ABC’s and 1,2,3’s of Grooming Your Dog at Home
So now that you know what you’ll need for grooming your dog on your own, let’s talk about how to do it. You can’t just pounce on your dog with clippers in hand and go to town. There are steps to get your dog looking like a little Dapper Dan (or Danielle, as the case may be).
The first thing you want to do is bathe your dog. Bathing him gets all the dirt and oil and general built of crud of life off of his coat. This helps ensure long blade life of both your clippers and your shears because there will be no extra gunk in the hair to dull the blades. It also ensures that the clipper blades don’t get caught in his hair and pull. After you bathe your pooch, you can either blow dry his coat or towel dry him as much as possible and then allow him to air dry the rest of the way. I give my guys a once over with the towel and let them air dry because the blow dryer terrifies them.
After he’s all dry, it’s time to clip. If all you’re doing is clipping him to a uniform length, start with his head and work your way down. I generally start at the brown and clip backward down the head as well as lay the clippers flat on his ears and trim from the base to the tip. From their I continue down the back, legs, and belly, always being sure to clip WITH the grain – NEVER against. Clipping against the grain can cause the hair to pull, which is painful for the pooches.
You’ll finish off your home grooming session with scissors. Using these, you’ll do any blending you might need to if you’ve decided to get fancy. Otherwise, if you’re like me, you’ll use them to trim up the paws and around the ears and the eyes.
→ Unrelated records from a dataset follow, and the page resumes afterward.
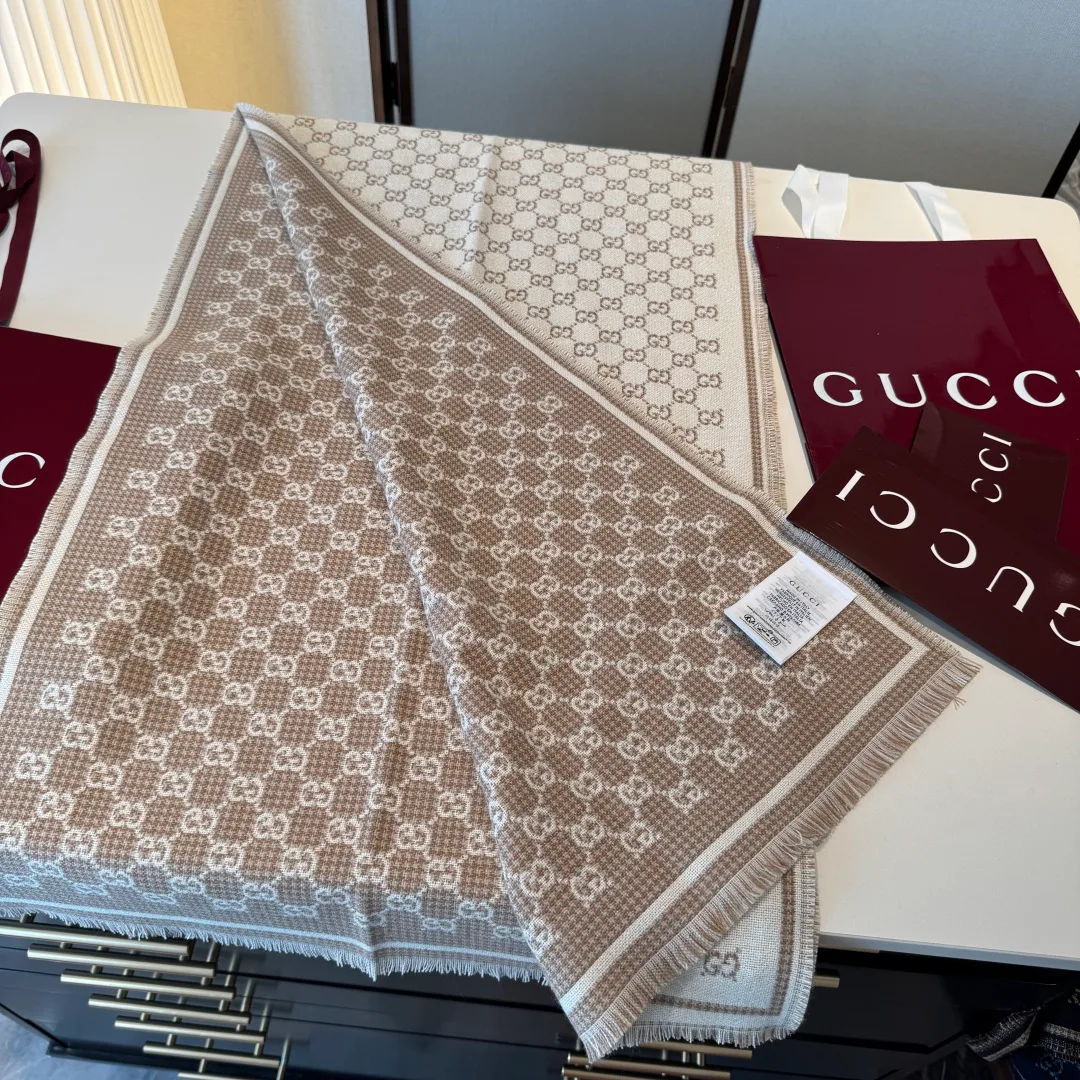 Шарфы Gucci 318392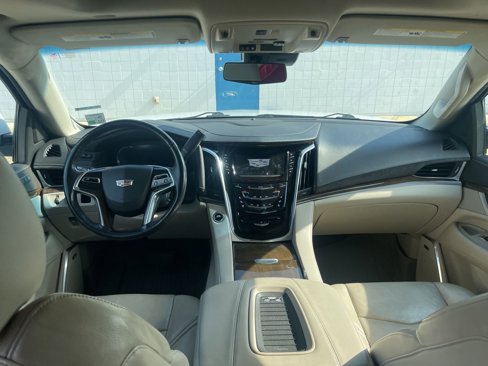 Used 2019 Cadillac Escalade ESV Premium Luxury w/ LPO, Radiant Package image 9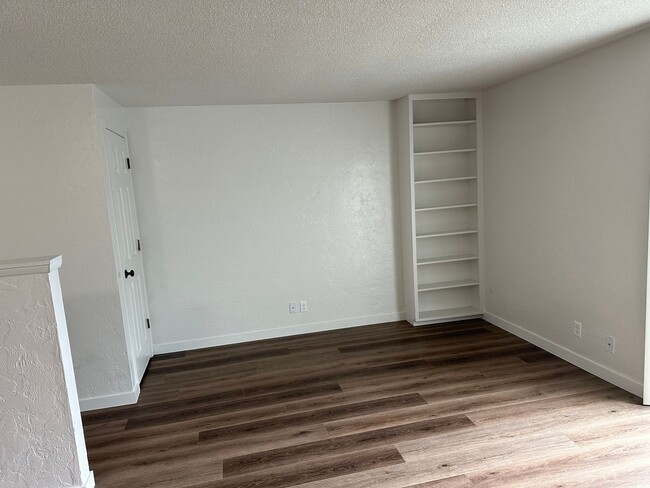 Building Photo - Updated 2 bedroom, 1 bath with garage!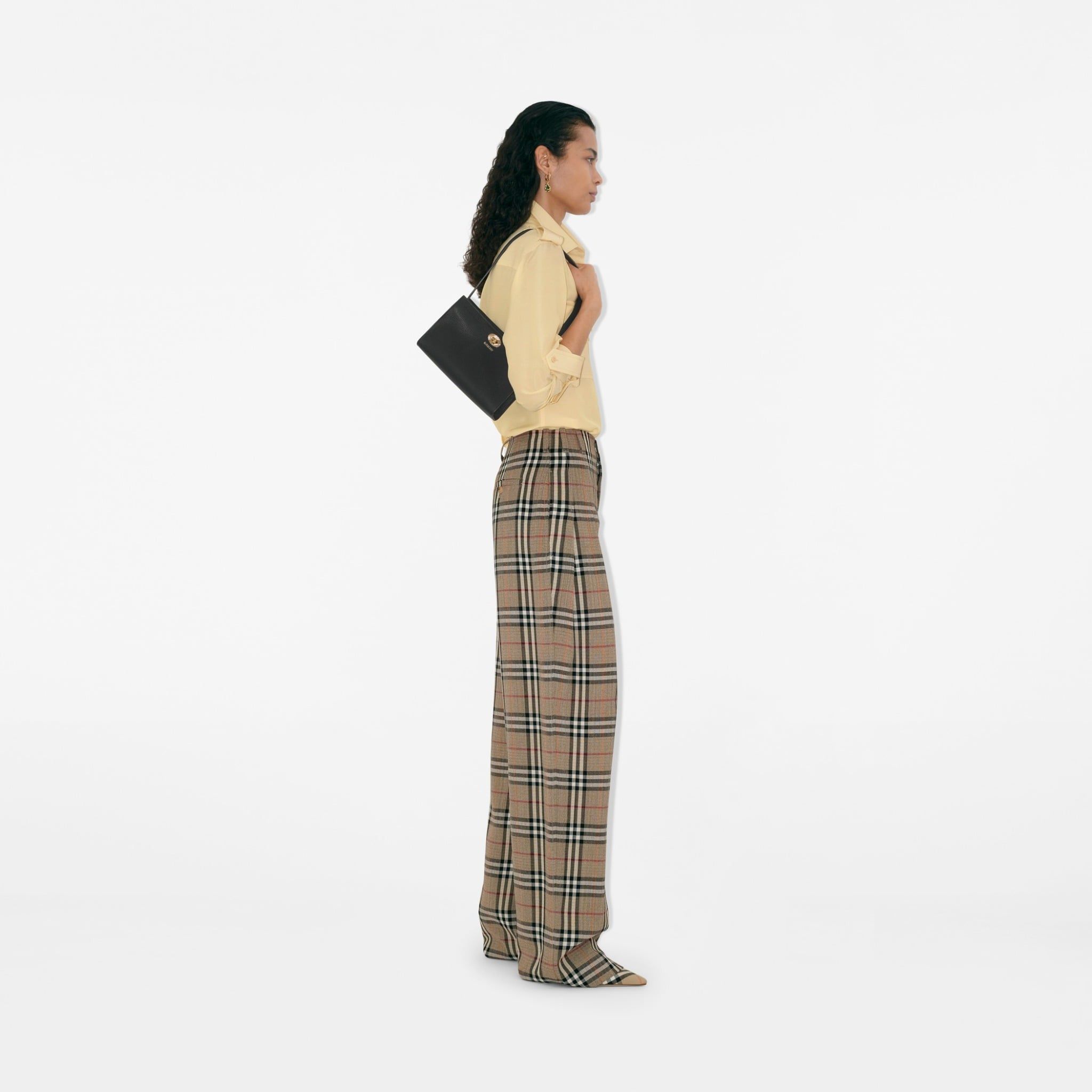  Túi Burberry Cotswolds Pouch​ 'Black' 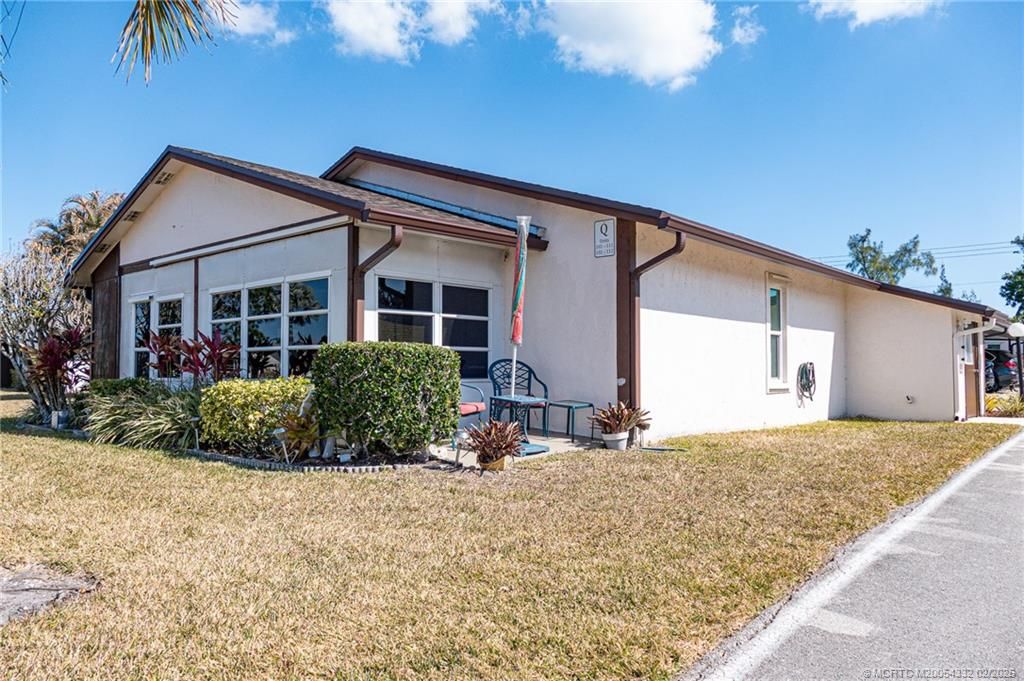 Photo of 6531 SE Federal Highway #Q101, Stuart, FL 34997 (MLS # M20054332)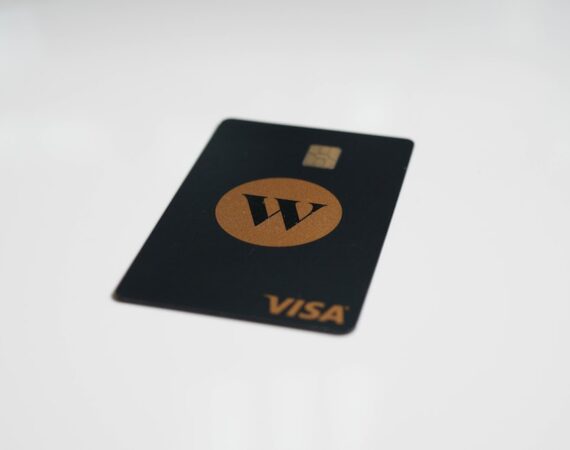 photo 1648161235886 32b6764917e6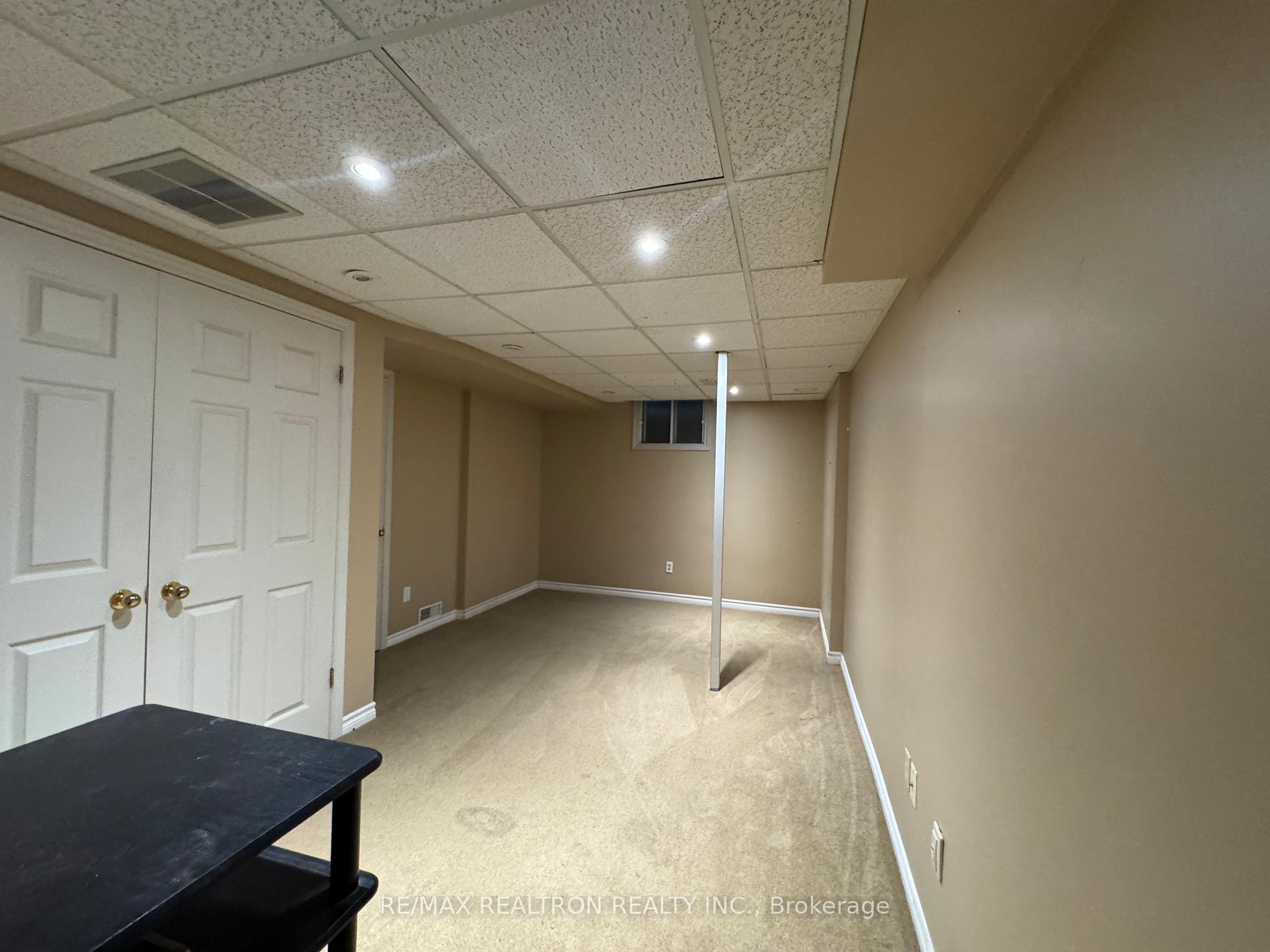 Photo 16 of 21 Kenny Crescent, Barrie, Letitia Heights — HOMEH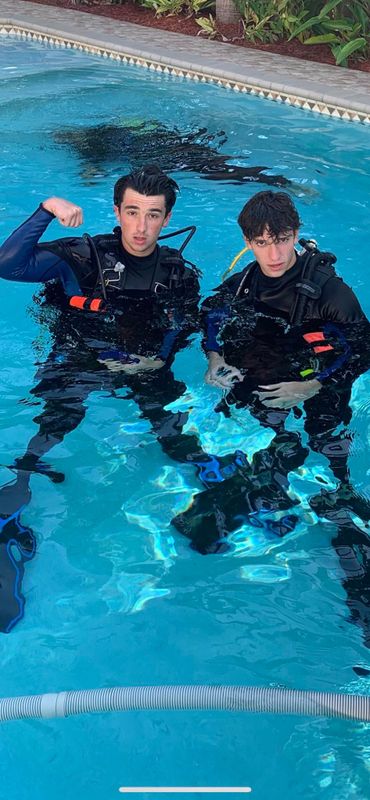 A&A Underwater Adventures Mia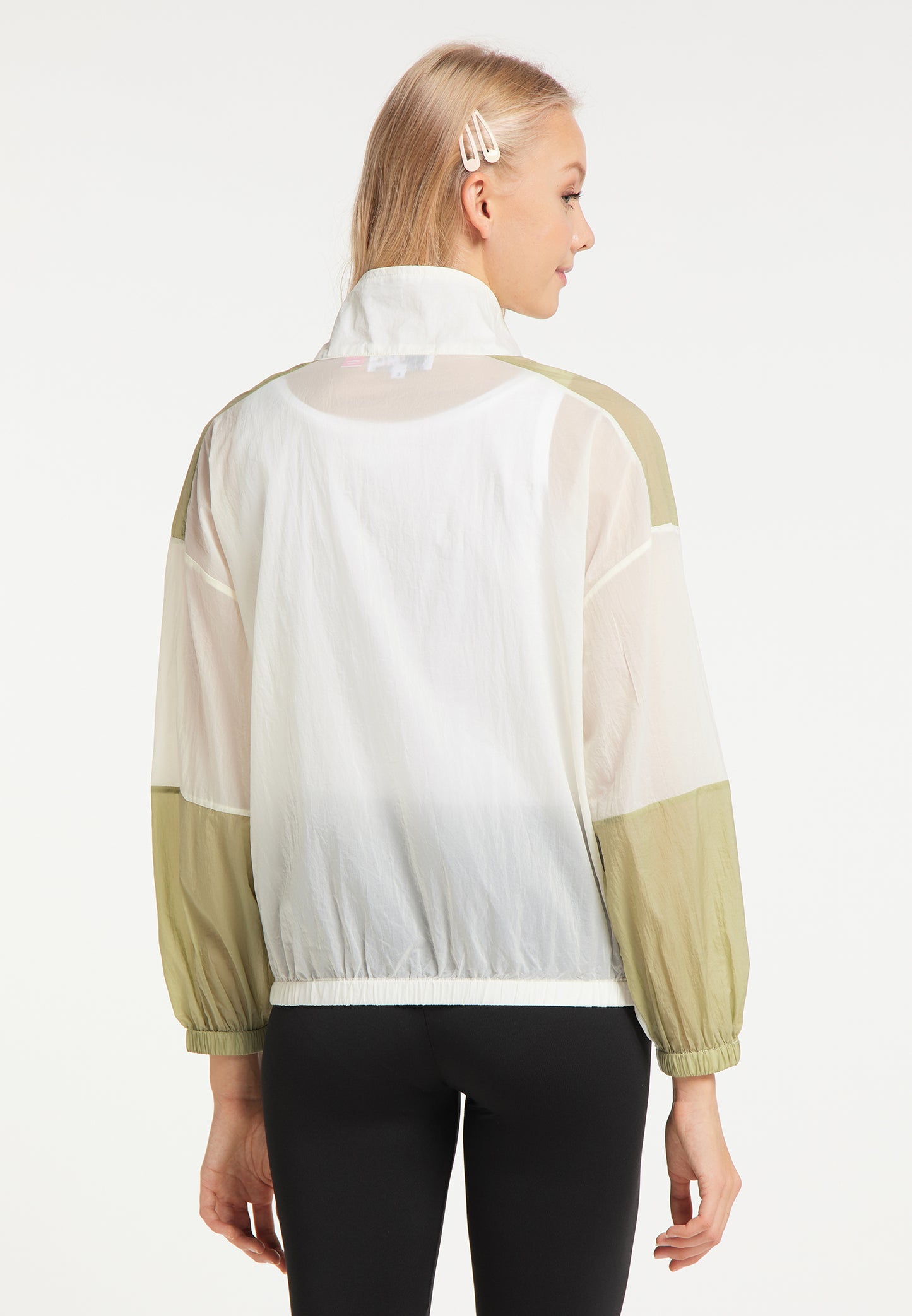 myMo ATHLSR women's windbreakers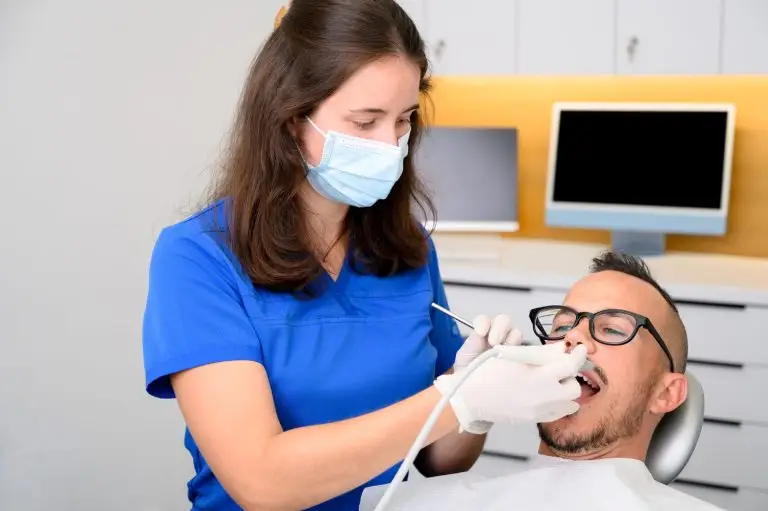 Fogkőeltávolítás a PureDental rendelőjében – fogászati szűrőcsomag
Grooming Your Dog at Home is Easier Than You Think
Grooming your dog at home is a fairly straightforward endeavor. In fact, it’s only as difficult as your dog is squirmy, which brings me to my final thoughts. If you’re considering grooming your dog at home, you need to take his overall demeanor into account. I only recommend grooming your dog at home if he is very chill or at least follows commands well. Trying to clip the hair of a squirmy, fearful dog is a recipe for frustration or possible injury. So if your dog has the right temperament, consider grooming your dog at home and save some green.